- [Aim of the task] Collect all lines below with the string "Cheetah".
^^^^^^^^^^^^^^^^
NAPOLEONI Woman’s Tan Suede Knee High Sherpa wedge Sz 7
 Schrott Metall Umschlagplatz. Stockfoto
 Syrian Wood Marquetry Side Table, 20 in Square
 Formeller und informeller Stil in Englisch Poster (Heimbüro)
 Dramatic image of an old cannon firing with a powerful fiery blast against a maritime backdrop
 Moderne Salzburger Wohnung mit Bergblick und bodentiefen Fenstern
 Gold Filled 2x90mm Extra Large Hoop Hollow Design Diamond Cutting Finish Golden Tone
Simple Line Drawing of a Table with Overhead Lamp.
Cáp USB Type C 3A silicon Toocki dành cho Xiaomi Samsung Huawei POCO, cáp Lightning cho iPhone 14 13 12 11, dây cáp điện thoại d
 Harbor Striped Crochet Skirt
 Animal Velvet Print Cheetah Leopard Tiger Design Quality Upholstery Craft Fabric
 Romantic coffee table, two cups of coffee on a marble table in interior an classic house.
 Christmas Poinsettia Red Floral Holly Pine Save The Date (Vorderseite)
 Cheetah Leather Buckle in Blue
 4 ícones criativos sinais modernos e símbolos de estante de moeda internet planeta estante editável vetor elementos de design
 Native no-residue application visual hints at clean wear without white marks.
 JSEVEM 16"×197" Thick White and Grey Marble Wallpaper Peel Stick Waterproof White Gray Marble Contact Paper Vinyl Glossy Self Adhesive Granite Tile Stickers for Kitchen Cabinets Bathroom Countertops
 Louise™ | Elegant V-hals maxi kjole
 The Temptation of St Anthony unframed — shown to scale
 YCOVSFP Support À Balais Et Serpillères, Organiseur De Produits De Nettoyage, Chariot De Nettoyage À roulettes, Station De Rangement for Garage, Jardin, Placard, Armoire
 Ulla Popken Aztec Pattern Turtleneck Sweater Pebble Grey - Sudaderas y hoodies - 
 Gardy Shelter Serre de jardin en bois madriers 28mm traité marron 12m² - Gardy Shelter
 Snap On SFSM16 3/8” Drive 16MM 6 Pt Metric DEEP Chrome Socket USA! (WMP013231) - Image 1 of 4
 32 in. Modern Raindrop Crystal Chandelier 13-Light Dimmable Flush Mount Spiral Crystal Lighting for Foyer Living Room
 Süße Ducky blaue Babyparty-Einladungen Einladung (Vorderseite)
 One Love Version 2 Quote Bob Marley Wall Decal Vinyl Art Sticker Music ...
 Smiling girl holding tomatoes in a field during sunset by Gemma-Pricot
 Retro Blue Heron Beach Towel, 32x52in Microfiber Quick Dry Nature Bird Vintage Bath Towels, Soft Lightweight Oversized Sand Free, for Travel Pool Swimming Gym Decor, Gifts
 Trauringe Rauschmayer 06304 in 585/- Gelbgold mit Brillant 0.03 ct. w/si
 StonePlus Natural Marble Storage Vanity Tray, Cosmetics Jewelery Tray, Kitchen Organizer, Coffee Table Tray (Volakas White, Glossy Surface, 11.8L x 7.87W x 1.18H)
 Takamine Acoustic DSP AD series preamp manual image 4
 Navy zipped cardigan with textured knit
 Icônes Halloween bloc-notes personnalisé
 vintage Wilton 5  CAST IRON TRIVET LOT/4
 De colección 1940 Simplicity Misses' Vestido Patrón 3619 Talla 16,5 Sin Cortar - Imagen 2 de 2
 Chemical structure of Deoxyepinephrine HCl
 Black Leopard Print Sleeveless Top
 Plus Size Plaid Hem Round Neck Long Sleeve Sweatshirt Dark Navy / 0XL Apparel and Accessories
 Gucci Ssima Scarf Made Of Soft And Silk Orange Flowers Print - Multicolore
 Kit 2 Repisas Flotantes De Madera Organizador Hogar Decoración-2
^^^^^^^^^^^^^^^^
- [Task output]
 Animal Velvet Print Cheetah Leopard Tiger Design Quality Upholstery Craft Fabric
 Cheetah Leather Buckle in Blue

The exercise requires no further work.